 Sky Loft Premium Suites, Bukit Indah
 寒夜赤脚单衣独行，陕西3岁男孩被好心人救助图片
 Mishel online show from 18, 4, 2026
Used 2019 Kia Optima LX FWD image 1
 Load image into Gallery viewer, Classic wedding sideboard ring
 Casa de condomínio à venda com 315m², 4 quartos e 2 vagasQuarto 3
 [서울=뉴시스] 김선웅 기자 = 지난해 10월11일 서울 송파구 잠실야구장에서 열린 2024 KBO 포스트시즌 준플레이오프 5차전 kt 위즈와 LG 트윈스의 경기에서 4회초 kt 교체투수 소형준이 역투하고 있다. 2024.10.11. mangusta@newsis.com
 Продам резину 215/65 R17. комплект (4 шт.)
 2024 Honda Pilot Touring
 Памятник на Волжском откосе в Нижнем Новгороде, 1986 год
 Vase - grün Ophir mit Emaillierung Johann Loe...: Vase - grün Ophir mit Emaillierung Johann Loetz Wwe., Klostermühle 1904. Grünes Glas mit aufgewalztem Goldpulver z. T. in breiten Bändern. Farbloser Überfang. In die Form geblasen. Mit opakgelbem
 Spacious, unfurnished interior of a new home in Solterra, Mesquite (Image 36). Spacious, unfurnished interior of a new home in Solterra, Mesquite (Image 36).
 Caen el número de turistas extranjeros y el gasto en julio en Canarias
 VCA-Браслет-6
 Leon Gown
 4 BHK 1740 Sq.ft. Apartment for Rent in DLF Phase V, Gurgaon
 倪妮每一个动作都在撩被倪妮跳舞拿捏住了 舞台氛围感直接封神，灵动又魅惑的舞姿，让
******************************
## Problem to work on
Write out exactly each line of the entries, starting at the one containing "Памятник на Волжском" and finishing with the last line.

## Result of the task
 Памятник на Волжском откосе в Нижнем Новгороде, 1986 год
 Vase - grün Ophir mit Emaillierung Johann Loe...: Vase - grün Ophir mit Emaillierung Johann Loetz Wwe., Klostermühle 1904. Grünes Glas mit aufgewalztem Goldpulver z. T. in breiten Bändern. Farbloser Überfang. In die Form geblasen. Mit opakgelbem
 Spacious, unfurnished interior of a new home in Solterra, Mesquite (Image 36). Spacious, unfurnished interior of a new home in Solterra, Mesquite (Image 36).
 Caen el número de turistas extranjeros y el gasto en julio en Canarias
 VCA-Браслет-6
 Leon Gown
 4 BHK 1740 Sq.ft. Apartment for Rent in DLF Phase V, Gurgaon
 倪妮每一个动作都在撩被倪妮跳舞拿捏住了 舞台氛围感直接封神，灵动又魅惑的舞姿，让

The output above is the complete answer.